Prepare for Child Abuse Prevention Month
By Beth Chapman
April is Child Abuse Prevention Month. Children’s charities will cover the doors of local businesses with symbolic blue ribbons, schools will have poster contests, and charities will take advantage of a heightened awareness and additional fundraising dollars.
But what will you do?
On average, child abuse is reported every 10 seconds in this country, totaling more than 3 million reports a year. Those are just the “reported” cases.
Each day in America – the greatest country on earth and a “Christian nation” – at least three children die because of abuse and neglect in their own homes.
Child abuse, not cancer or automobile accidents, is the leading cause of death for children ages 4 and younger.

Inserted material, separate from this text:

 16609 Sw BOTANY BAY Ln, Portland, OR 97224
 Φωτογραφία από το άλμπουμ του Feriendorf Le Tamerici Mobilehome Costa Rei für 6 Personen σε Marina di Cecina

Fifteen percent of the expenditures of state and federal funds given to children’s programs are directed toward prevention. The other 85 percent goes toward problems that have arisen because they weren’t prevented in the first place.
Talk about getting the cart before the horse.

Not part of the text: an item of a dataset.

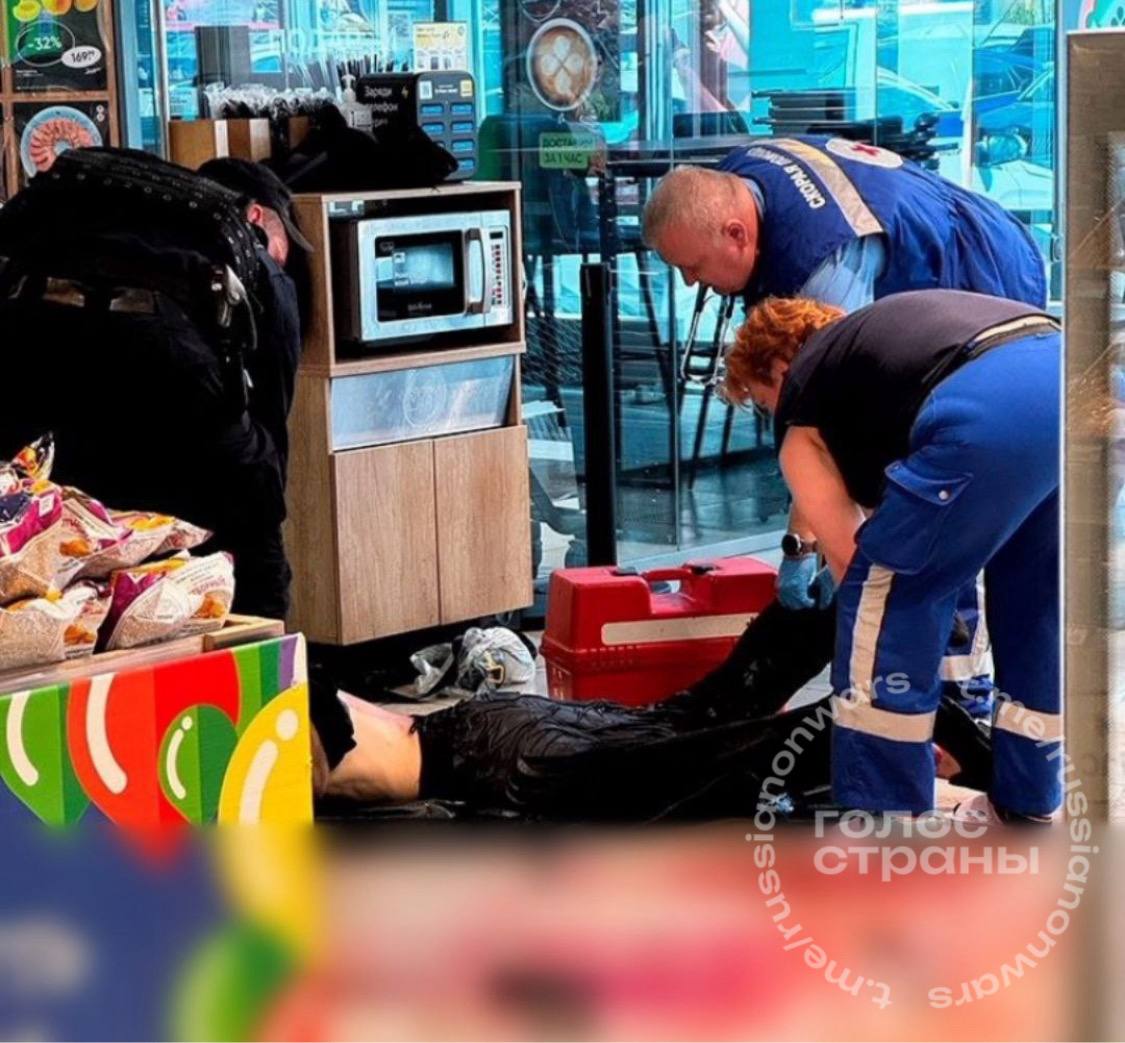 В Петербурге покупатель зарезал охранника из-за салфеток — неадеквата оперативно задержали, сотрудника ОП реанимируют  В Санкт-Петербурге произошло нападение в продуктовом магазине — после спора из-за салфеток 27-летний посетитель специально купил нож, вернулся и нанес ранения охраннику. Нападавший был задержан правоохранительными органами.  Один из пострадавших находится в состоянии клинической смерти, сообщают местные СМИ — сейчас его реанимируют медики. У второго охранника порезана рука.     Подписывайся на "Голос страны"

Daycare employees working with children during their most developmental stages are paid little; educators who teach them are paid little; and even in the medical profession, pediatricians – not that some of these children have ever seen one – are paid less than any other type of physician.
Foster children in this state receive up to $19.05 for care a day, while our prisoners receive $42.54 a day. The average cost to board a dog in our state is around $40 a day.
A travesty indeed!
There is a tremendous cost to us as a society and as individuals to do nothing. Child abuse and neglect are seen as social problems, but they are also economic problems.
They increase costs in our education system, negatively affect our future workforce, increase juvenile crime, promote predispositions to drug and alcohol addictions, contribute to our overcrowded prison system, decrease our work ethic and produce a decline in our nation’s moral values.
Child abuse and neglect impact the entire future of the next generation.
So, what can we do to help?
Alabama native Helen Keller once said, “I am only one, yet I am one. I cannot do everything, but I can do something. I will not refuse to do the something I can do.”
Find a local charity – the Court Appointed Special Advocates, the Crisis Center, Children’s Trust Fund, VOICES for Alabama’s Children, Children First, your local child advocacy center, Alabama Youth Homes, King’s Ranch or any number of children’s services offered in our state. The needs are many, and they are great!
The children of today are the adults of tomorrow. Let’s work to prevent child abuse and neglect today – not wait to repair the damage tomorrow.
If you can give money or time, or both, do it. Please, don’t refuse to do the “something” you can do!